As a man whose skills are related to bioinformatics, protein expression, biochemistry, and “general troublemaking,” Dr. Paul Smith has a lot on his hands. Dr. Paul Smith is currently a professor in the Chemistry Department at Fordham’s Rose Hill campus who divvies up his time between teaching and carrying out multiple laboratory research projects. Smith is a graduate of Columbia University where he received his Doctor of Philosophy in Molecular Biophysics and Biophysical Chemistry in 2005.

Smith had not been involved in research until his senior year of undergrad where he took a project laboratory class at Columbia University, allowing him and several other students to conduct research projects in exchange for credits. The professor of this class cultivated Smith’s interest in research, leading Smith to attend graduate school. While completing post-doctoral work at Memorial Sloan Kettering, Smith conducted research in the molecular biology department. After his time at Sloan Kettering, Smith became a teacher and researcher at Fordham University in 2013.

Smith is currently conducting research in two different branches, one computational and the other on structure-function relationships for proteins. Under the structure-function branch of research, Smith is studying the relationship between atoms and how this relationship may impart function, whether it be enzymatic, structural or more. Under this course of study, Smith was approached by associates at Weill Cornell Medical College to conduct research on E4ORF1, a protein with unique attributes to it that have “potential in biotechnology applications.”

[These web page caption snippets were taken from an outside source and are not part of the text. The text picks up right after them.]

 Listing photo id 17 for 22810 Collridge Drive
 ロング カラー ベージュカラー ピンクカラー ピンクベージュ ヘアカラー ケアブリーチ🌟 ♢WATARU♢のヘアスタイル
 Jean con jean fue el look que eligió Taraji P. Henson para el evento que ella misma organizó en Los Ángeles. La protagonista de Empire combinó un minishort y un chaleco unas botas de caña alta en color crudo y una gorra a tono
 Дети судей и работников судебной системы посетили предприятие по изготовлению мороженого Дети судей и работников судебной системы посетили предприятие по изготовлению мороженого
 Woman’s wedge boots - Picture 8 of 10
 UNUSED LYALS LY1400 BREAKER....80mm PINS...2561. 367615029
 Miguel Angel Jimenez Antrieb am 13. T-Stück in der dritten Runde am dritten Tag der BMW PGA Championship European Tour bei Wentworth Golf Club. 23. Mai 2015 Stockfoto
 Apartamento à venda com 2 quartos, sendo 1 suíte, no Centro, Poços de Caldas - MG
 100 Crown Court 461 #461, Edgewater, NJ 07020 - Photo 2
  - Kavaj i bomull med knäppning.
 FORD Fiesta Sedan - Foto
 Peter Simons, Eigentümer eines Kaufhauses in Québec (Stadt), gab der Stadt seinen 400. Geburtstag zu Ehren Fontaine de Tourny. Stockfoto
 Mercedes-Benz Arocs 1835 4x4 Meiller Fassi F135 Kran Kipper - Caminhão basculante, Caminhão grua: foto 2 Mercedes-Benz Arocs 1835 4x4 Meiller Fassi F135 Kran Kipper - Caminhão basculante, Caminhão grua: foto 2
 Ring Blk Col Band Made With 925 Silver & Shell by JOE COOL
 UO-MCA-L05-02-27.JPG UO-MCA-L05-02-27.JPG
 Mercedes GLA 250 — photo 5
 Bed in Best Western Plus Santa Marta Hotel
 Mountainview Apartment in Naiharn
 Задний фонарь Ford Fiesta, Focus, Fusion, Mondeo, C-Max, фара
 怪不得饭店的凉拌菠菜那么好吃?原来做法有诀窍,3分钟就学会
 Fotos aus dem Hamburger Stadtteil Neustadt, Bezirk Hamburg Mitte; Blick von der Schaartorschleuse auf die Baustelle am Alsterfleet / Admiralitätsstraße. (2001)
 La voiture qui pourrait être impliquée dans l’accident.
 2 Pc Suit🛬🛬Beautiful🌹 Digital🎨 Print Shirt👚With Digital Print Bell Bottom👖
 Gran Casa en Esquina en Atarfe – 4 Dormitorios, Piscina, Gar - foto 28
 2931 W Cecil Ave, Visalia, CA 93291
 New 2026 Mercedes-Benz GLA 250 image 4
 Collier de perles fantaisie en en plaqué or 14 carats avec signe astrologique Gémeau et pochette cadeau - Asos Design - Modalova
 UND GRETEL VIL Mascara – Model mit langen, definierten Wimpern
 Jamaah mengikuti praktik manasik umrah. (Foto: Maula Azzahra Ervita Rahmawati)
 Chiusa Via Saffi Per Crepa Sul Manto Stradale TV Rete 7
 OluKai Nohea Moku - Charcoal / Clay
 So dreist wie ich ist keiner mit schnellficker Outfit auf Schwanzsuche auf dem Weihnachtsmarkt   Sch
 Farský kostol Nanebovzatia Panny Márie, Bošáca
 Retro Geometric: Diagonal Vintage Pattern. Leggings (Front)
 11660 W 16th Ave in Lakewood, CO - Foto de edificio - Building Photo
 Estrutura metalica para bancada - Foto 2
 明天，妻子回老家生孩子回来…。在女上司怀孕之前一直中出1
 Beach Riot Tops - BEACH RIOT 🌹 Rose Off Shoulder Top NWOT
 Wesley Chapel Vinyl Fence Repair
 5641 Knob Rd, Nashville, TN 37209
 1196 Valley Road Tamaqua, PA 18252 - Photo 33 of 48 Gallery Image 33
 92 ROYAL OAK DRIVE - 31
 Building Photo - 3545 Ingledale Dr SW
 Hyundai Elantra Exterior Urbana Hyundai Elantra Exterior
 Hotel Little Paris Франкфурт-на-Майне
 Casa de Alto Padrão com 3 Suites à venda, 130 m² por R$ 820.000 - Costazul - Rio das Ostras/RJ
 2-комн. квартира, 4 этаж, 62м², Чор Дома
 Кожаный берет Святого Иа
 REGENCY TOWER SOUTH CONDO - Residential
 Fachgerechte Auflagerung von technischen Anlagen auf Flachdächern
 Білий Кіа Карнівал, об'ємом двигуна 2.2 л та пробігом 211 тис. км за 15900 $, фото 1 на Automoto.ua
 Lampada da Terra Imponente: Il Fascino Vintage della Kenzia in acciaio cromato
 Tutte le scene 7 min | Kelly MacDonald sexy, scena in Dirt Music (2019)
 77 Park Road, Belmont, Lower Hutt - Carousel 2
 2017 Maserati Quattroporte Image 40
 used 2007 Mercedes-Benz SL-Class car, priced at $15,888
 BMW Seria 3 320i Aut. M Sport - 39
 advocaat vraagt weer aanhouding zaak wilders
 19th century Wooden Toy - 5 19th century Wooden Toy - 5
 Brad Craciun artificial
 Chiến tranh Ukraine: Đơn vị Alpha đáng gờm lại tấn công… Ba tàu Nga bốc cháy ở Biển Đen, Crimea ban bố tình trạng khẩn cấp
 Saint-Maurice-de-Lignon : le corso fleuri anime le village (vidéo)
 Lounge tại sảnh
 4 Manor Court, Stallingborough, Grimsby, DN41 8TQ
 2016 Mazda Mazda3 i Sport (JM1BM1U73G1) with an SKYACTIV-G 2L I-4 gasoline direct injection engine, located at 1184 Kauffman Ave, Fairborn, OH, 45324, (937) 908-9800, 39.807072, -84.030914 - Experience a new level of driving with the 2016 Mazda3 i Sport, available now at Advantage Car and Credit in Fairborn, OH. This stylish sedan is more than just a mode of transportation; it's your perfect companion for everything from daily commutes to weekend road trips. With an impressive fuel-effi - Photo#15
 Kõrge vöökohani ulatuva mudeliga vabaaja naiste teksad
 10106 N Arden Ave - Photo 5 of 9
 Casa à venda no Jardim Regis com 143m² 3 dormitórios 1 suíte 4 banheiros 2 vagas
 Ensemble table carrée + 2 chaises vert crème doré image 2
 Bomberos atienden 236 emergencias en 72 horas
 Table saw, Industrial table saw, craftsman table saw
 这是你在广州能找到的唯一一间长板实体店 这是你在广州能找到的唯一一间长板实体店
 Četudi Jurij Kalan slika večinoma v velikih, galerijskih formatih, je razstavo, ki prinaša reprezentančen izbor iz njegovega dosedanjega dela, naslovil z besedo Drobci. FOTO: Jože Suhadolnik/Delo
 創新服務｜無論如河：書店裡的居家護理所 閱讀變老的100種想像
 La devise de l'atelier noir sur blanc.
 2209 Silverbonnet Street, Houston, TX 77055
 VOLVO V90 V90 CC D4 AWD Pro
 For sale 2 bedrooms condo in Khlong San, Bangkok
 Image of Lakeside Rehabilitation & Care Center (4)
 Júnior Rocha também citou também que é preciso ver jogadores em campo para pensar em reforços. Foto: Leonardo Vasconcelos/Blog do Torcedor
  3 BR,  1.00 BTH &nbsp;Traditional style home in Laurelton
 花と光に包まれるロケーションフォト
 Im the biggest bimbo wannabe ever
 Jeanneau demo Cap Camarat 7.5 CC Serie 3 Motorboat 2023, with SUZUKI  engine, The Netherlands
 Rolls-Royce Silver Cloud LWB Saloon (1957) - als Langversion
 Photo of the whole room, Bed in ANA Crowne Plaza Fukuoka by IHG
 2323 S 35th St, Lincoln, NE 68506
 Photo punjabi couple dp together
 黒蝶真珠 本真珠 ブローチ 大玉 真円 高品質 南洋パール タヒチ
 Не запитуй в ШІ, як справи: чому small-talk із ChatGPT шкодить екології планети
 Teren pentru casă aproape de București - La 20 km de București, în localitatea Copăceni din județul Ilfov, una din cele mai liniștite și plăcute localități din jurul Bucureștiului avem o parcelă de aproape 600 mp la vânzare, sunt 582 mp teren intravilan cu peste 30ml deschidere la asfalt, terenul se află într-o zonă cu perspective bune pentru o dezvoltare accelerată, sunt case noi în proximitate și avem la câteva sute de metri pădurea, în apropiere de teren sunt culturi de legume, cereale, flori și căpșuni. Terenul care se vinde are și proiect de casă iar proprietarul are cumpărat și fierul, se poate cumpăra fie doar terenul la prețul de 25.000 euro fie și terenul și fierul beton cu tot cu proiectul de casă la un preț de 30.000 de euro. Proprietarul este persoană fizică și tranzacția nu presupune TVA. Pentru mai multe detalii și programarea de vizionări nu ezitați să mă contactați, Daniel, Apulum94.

E4ORF1 is a viral protein, which is associated with adenoviruses, that radically alters cell physiology. Smith states that adenoviruses are pathogens implicated in sickness and disease, such as the common cold, obesity, and diabetes. These proteins have unique abilities to affect other cells and proteins. In his proposal, Smith suggests, “One of these genes in particular, orf1, has been shown to have remarkable ability to alter cellular physiology upon expression.” E4ORF1 is an aggregation-prone protein that forms a precipitate in solution that is difficult to dissolve, even with the strongest of agents.

The goal of his research is to identify the structure of this protein and its aggregation abilities in relationship to other proteins and cells. Although the protein is small, its structure is unknown. Using computer modelling, Smith has been able to predict the unique hook shape of the protein that may allow it to form fibers. Future applications regarding this protein may be in the growth of hematopoietic cells, which are stem cells that give rise to blood. With further research work, there may be the ability to grow these cells without growth factors by simply using this protein in culture. This would reduce the risk of rejection in transplants and transfusions.

Smith compares research work to wildcatting, which is exploratory oil well drilling. In discussing his analogy during our interview, Smith states “You sink a drill and you hope you get lucky… you might make it rich or you might end up broke.” Protein work is unpredictable and crystallization or finding a protein with unique biochemical traits that can be traced is difficult. Nevertheless, Smith has a great outlook for the future of his collaborative research project and hopes that purification and application of the E4ORF1 protein will be possible in the near future.